Halbe Sachen funktionieren nicht mehr
Eines wird allerdings immer klarer: will man den Kunden online und stationär bedienen, muss beides perfekt sein. Es wird für den Onliner nicht reichen, einfach ein paar Läden hinzustellen – er muss sich schon wirklich auf das Geschäft vor Ort einlassen. Genauso wenig erfolgreich wird der stationäre Händler, der ein Webshop von der Stange ins Netz stellt – er wird schon den ein oder anderen e-commerce Spezialisten einstellen müssen.

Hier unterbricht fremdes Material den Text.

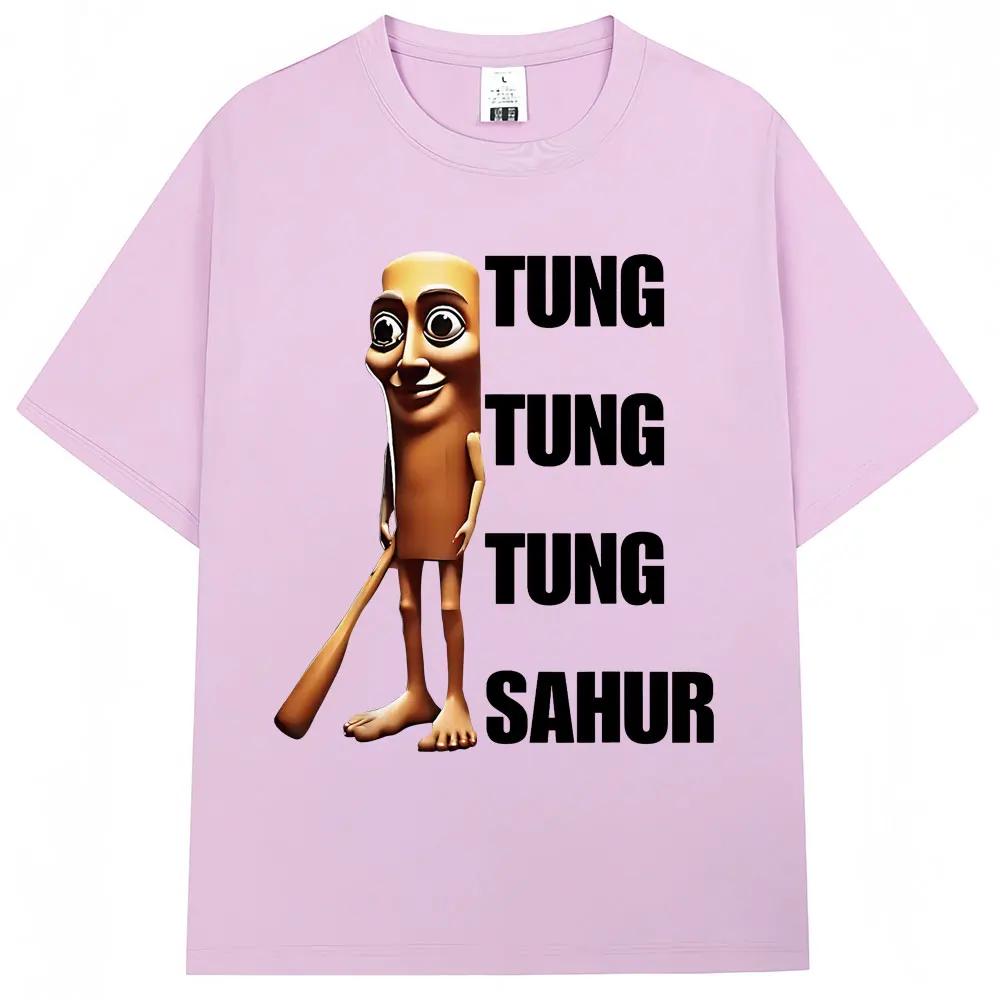 Tung Tung Tung Sahur Funny Baseball Bat Meme T Shirt Men Women Fashion Humor Popular T Shirts Loose Summer O-Neck T-Shirt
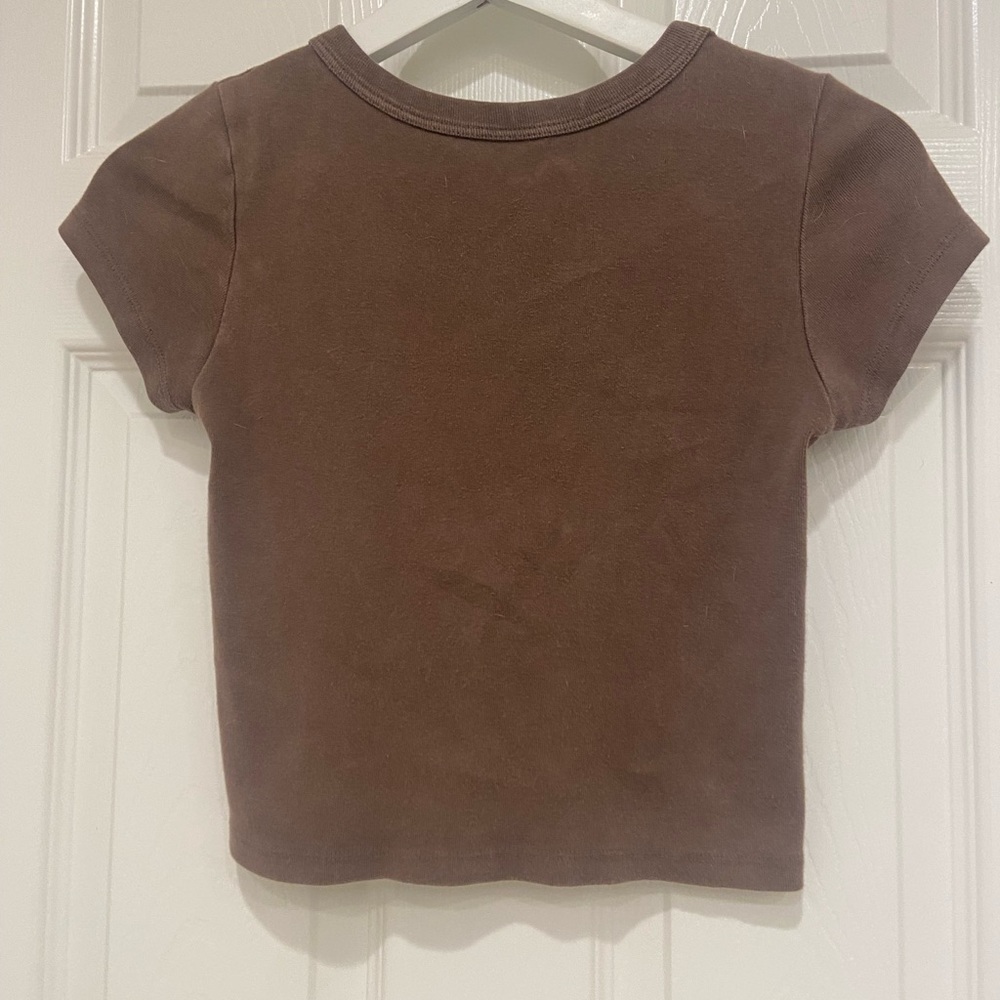 Brandy Melville brown cowgirl shirt - Picture 3 of 4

Wie stationär und online im Weinhandel zusammenfinden können, wird eines der Themen bei der Veranstaltung von Wein+Markt und Weinakademie Berlin beim PROWEIN Forum Halle 7.1 am Sonntag, 24. März um 15 Uhr sein.
Das Buch zum Thema:
No-Line Handel – Höchste Evolutionsstufe im Multi-Channeling von Gerrit Heinemann, Verlag Springer-Gabler 2012, 39,35 €
22. April 2013 um 20:56
Hallo Herr Pleitgen, wenn Sie so schön schreiben einen Spezialisten einstellen für den Online-Shop trifft dies den Nagel auf den Kopf. An einen Onlineshop hängt um ein vielfaches mehr Arbeit als man zunächst denkt. Ob das ein Spezialist schafft möchte ich aber bezweifeln. Das Onlinegeschäft ist so vielfältig, das schafft kaum einer alleine zu überblicken.